Results of Phase III TAILOR study shows Erbitux (cetuximab) plus FOLFOX chemotherapy met primary endpoint in colorectal cancer- Merck

Merck has announced that the pivotal Chinese Phase III TAILOR study met its primary endpoint of significantly increasing progression-free survival (PFS) in patients with RAS wild-type metastatic colorectal cancer (mCRC) treated with Erbitux (cetuximab) plus FOLFOX chemotherapy, compared with FOLFOX alone.

The TAILOR study is a Phase III, open-label, randomized, controlled, multicenter trial designed to compare Erbitux in combination with FOLFOX-4 versus FOLFOX-4 alone in the first-line treatment of Chinese patients with RAS wild-type mCRC. All randomized subjects were planned to receive treatment until the occurrence of progressive disease (PD) or unacceptable toxicity. The study enrolled 397 patients with RAS wild-type mCRC. The primary endpoint of the trial is progression-free survival. Secondary endpoints include: overall survival, best overall response rate, time to treatment failure and rate of curative surgery for liver metastases.

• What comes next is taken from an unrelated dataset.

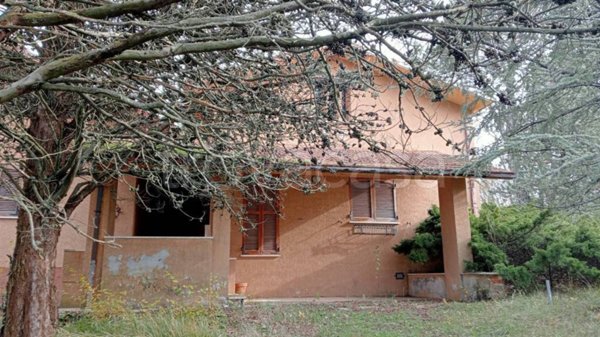 casa indipendente in vendita a Sassoferrato
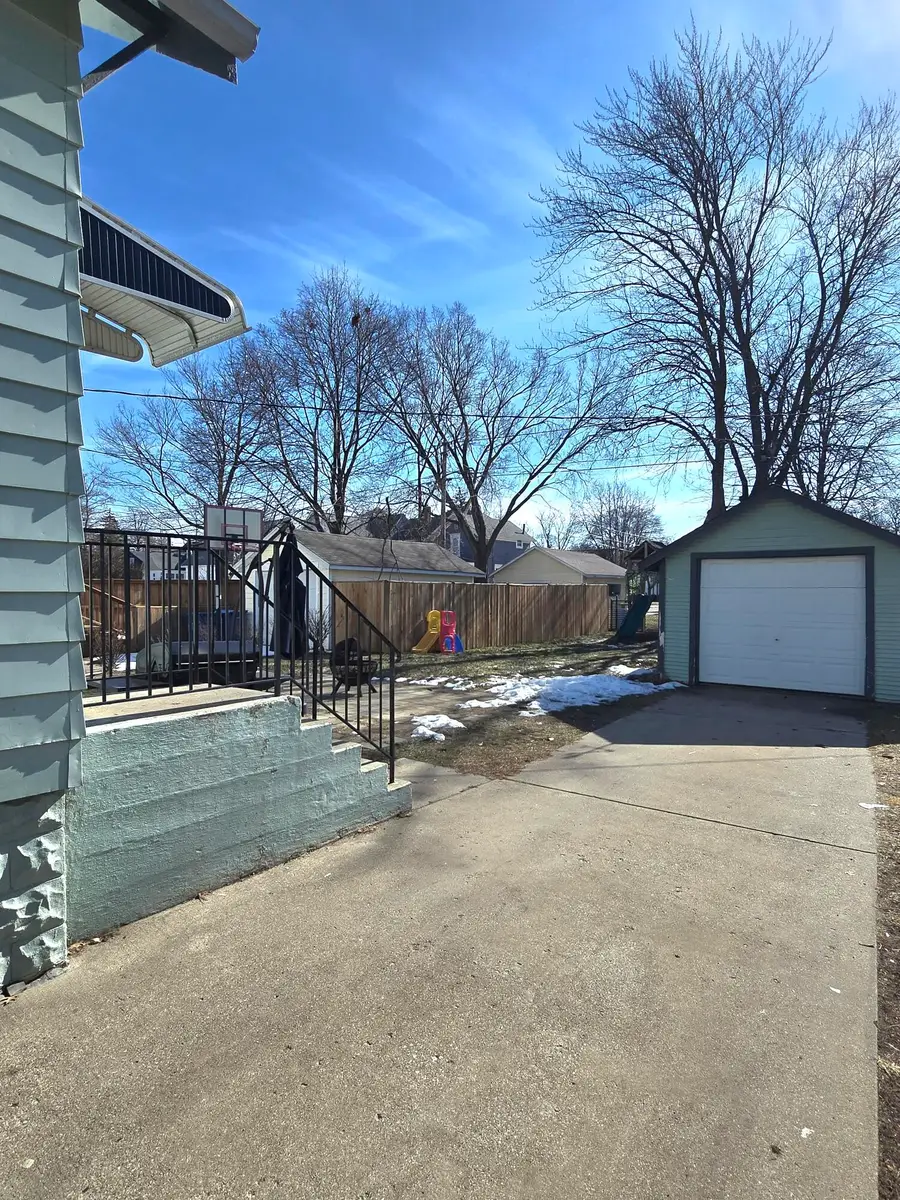 1130 Columbus Avenue, Grand Haven, MI 49417 - #2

The clinical benefit that Erbitux offers to RAS wild-type mCRC patients is further strengthened by the secondary endpoint results, which support the superiority shown for PFS. The safety profile of Erbitux in the TAILOR clinical trial was manageable and similar to that observed in other pivotal trials, with no unexpected safety findings. The full study results will be submitted to upcoming international scientific meetings.

Comment: In Europe, Erbitux is indicated as first-line therapy for patients with RAS wild-type mCRC tumors, together with the oxaliplatin-containing regimen FOLFOX in treatment-naïve patients or together with regimens containing irinotecan (e.g. FOLFIRI).